- **Exercise objective**:
Quote word for word from the line holding "Cooler Master MasterLiquid" to the last line below, including both, and omit any pictures.

[Web page caption snippets]
+-------+

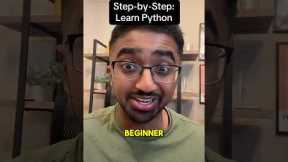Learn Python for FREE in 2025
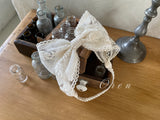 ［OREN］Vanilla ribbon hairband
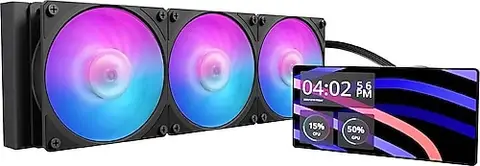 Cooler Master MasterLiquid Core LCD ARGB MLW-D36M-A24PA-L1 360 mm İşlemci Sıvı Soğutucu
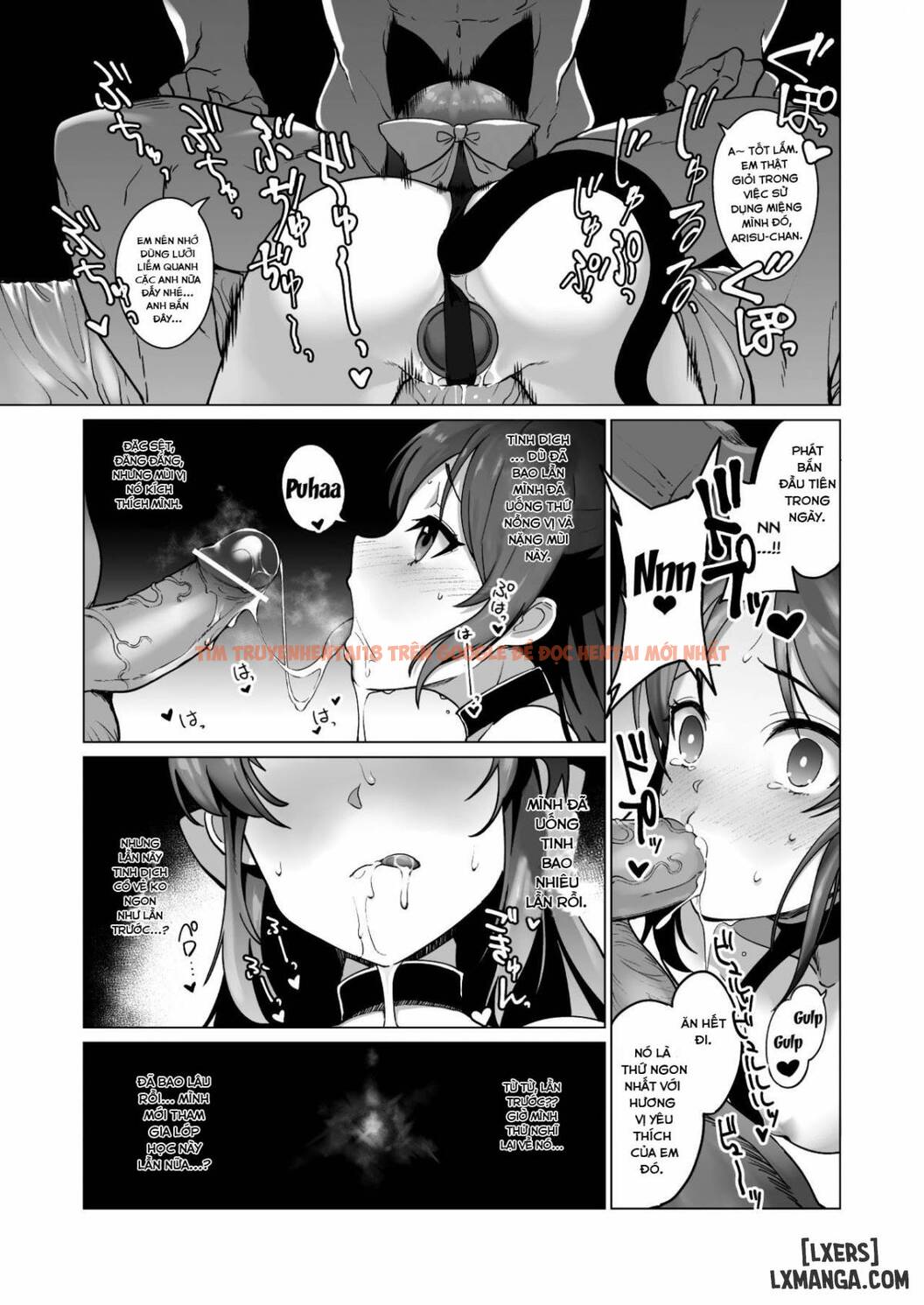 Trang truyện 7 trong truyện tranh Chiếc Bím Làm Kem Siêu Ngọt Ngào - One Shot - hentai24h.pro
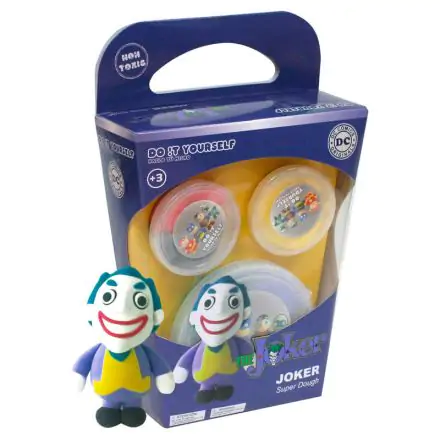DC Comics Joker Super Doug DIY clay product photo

+-------+

- **Task answer**:
 Cooler Master MasterLiquid Core LCD ARGB MLW-D36M-A24PA-L1 360 mm İşlemci Sıvı Soğutucu
 Trang truyện 7 trong truyện tranh Chiếc Bím Làm Kem Siêu Ngọt Ngào - One Shot - hentai24h.pro
DC Comics Joker Super Doug DIY clay product photo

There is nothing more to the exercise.